Open Social Networks

Jeff Jarvis talks about what companies can do to compete against Google in untapped areas. I couldn’t agree more on his comments on social networks. * Social connections: I think there is a big opportunity to map social connections that already exist online. MySpace is really Rupert’s space. The internet is our space. It is,…

Jeff Jarvis talks about what companies can do to compete against Google in untapped areas. I couldn’t agree more on his comments on social networks.

* Social connections: I think there is a big opportunity to map social connections that already exist online. MySpace is really Rupert’s space. The internet is our space. It is, once again, already a social network. So look at it that way and make connections among the people here.
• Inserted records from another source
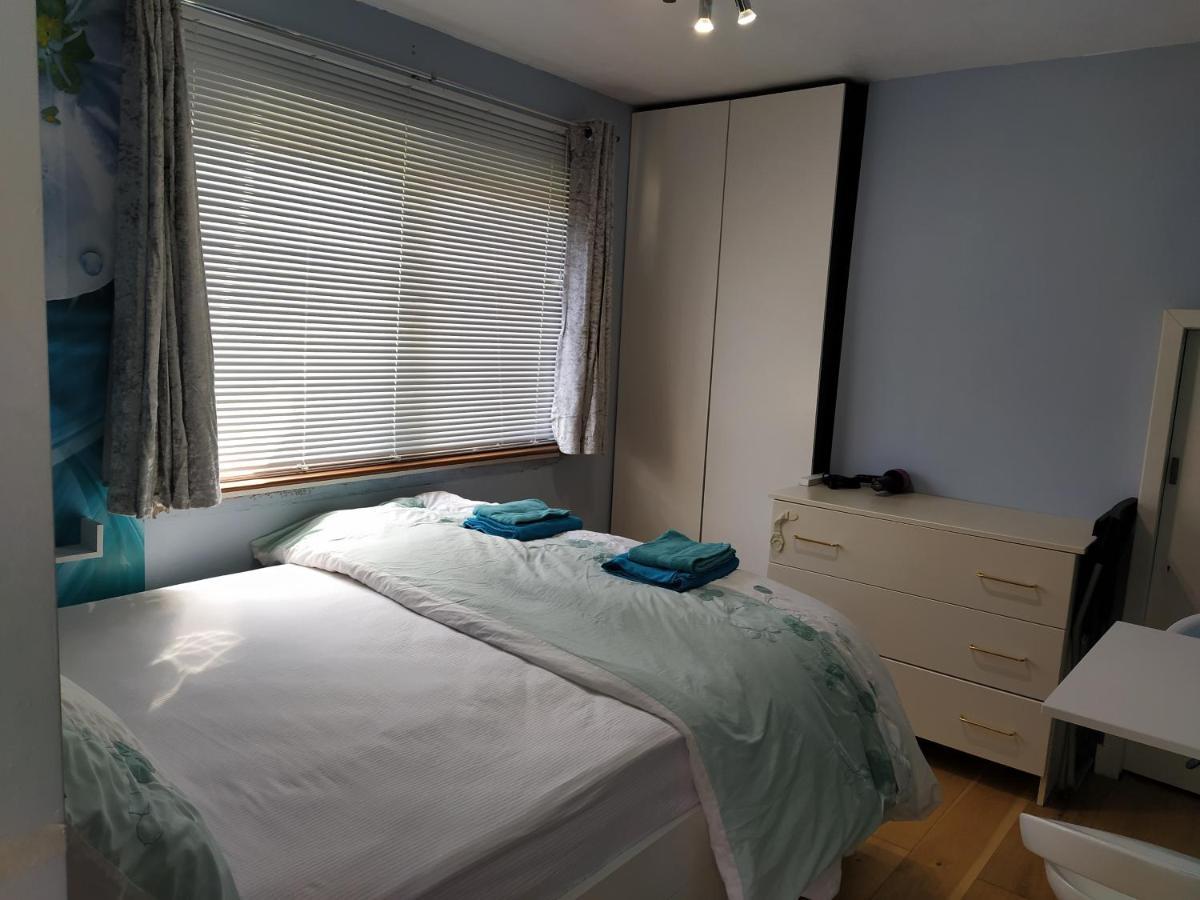Appartement Self Catering Studio Flat à Édimbourg Extérieur photo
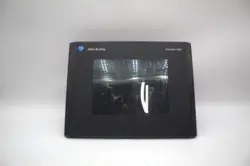 ALLEN-BRADLEY 2711-T10G9 PANELVIEW 1000 TOUCH PANEL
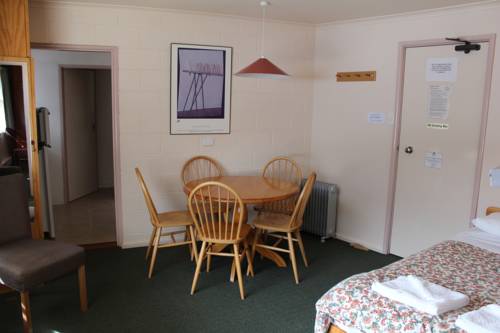 Imagen de la habitación del Hotel Kasees Apartments and Mountain Lodge. Foto 1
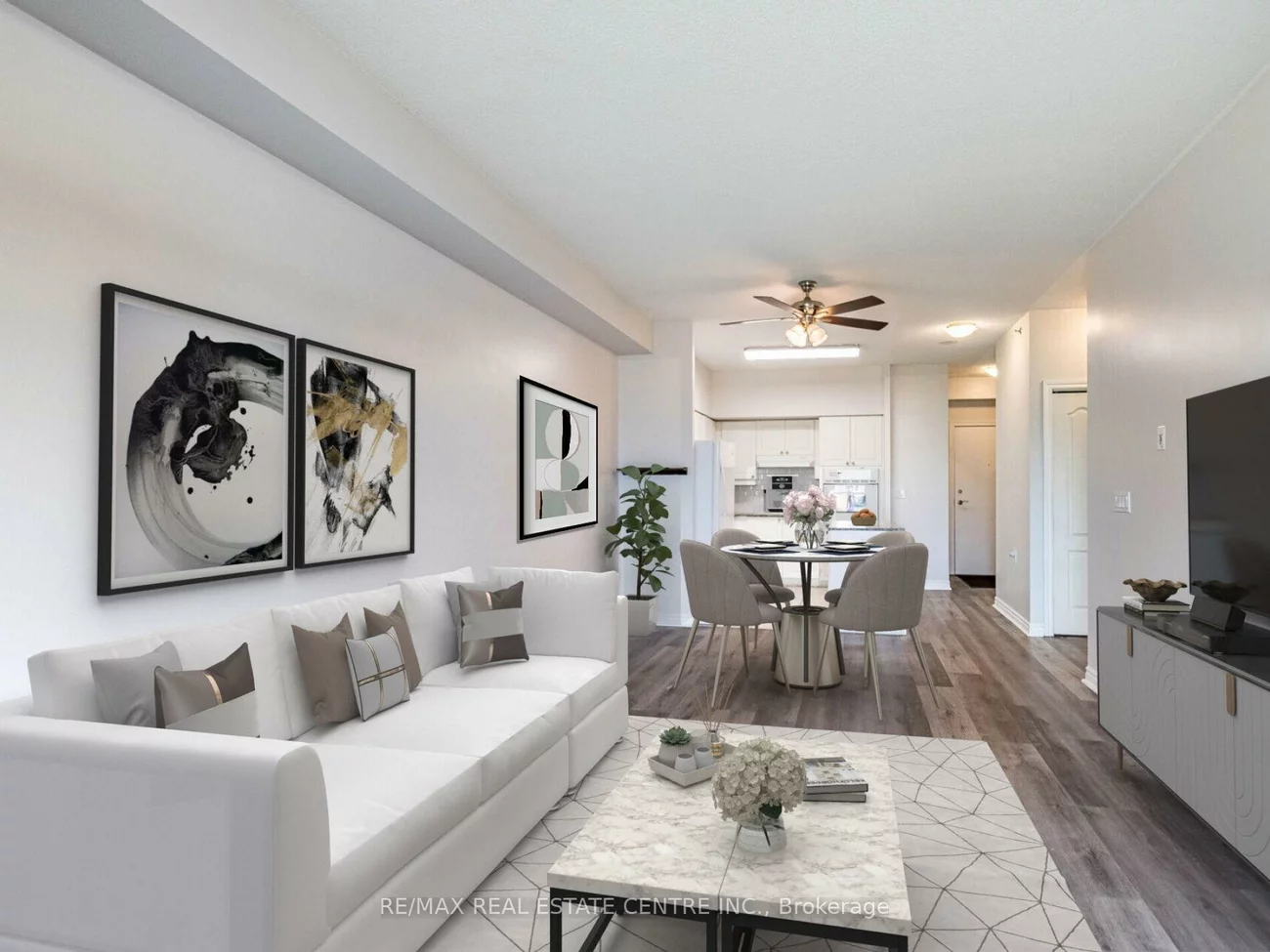 810, Scollard, East Credit, Mississauga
Make it a way to find people. Make it a way to measure the quality of relationships: authority (as in Technorati), trust, leadership.

"It is, once again, already a social network." Exactly! This is another reason why I left Flickr. Yes, it does a great job at creating social networks but those networks are confined to Flickr itself. MySpace does the same thing. We need to start creating social networks that are open and accessible, that can easily grab, share, and utilize the existing content on our sites already, no matter which software or service they are created with.

2 replies on “Open Social Networks”

Great point. Where do you see these services plugging in? I can envision a future where a user’s blog is central to their experience, and the services that interface with that structure (either as blog plug-ins, crawlers that understand microformats published on your blog, etc.) will be the ones that add tremendous value.

Joseph, I just have some speculative ideas on this but nothing solid / tested yet. All I know is that all of these "cool" new Web 2.0 social networks are useless to me because of their proprietary centralized nature that pretty much forces me to get all of my friends and family to join them before they are of any substantial use to me (and them). We need open ways to achieve this instead.

RSS, for example, right now allows you to do some pretty amazing things with it, if you really push it beyond something just for collecting blog news to something that can actually help us to create these social networks. The major element that I believe is missing though is onsite aggregation. In effect, the ability to use an RSS feed to import content into a blog journal. Another important factor is the ability to create multiple blog journals OR the ability to have structured categories within your one journal (one or the other can achieve this).

For example, I and a bunch of my friends could each have our own blogs where we write about daily stuff. In addition, each of us could have our own photo blog journals as well (i.e. a Flickr-like photo stream). Now instead of visiting each others sites, each of us could have a section of our site where these feeds are aggregated and displayed right there. So I could have a section on my site that displays all of the latest posts from my friend’s blogs. And I might have another section that shows all the latest photos from my friend’s photo blog streams.

Now taking this a step farther, let’s imagine all of my friends and I are in a soccer team. Say we have setup a team site with a blog journal on it and a photo blog journal as well (highlights from our games). Now instead of having to post on this team site, I could easily create a post on my own site, tag it as my "soccer" feed and the next time our soccer site checks my site’s "soccer" category feed, it would see the new entry and add it to our soccer’s teams site. Same thing for the team’s soccer photos. I’d post a soccer photo in my photo journal, categorizing it such, and our soccer site’s aggregator would collect it and display it in our team’s soccer photo journal.

This is really just the tip of the iceberg. I’ve got some other possible ideas but the aggregator itself would need to be able to detect an update feed and allow for replacement (instead of duplicating it which is what most aggregators do). For example, imagine each of us decide we need a bio for our team’s soccer site. Well instead of going to the soccer site, we each create a journal or a category that defines this bio (so basically it just has the one entry in it, that’s it). Again the aggregator on the team’s soccer site grabs this data and collects it in one journal. In effect, each entry in the blog journal is one team member in our overall roster. If the aggregator can detect feed updates, then you could theoretically change your bio remotely from your own site by just updating the content in the one entry on your site (since that would in turn update your feed for it).

The beauty of this approach is that any new person to the social group can easily be added (by just adding their RSS feeds to the group). Furthermore the scalability of this is pretty much wide open. Yet I obviously wouldn’t recommend aggregating 100 people in a company in one feed. For example, if you’re working on a project, I’d group people almost in multiple communities or pods that would be layered one within the other. Thus a small team working on one aspect would collaborate by their aggregated blogs. But communication by the team leader (to other team leaders) would be different. He’d communicate a summary of the teams progress instead. Therefore you could create a global network but with information very focused on a local level (which is very important because you don’t want to overload people with detailed local information that isn’t meaningful to their local situation when collaborative groups get that big).

PS. BTW love your site name of "Engineering Patterns". Reminds me of my research on permaculture and it’s concept of natural "patterns".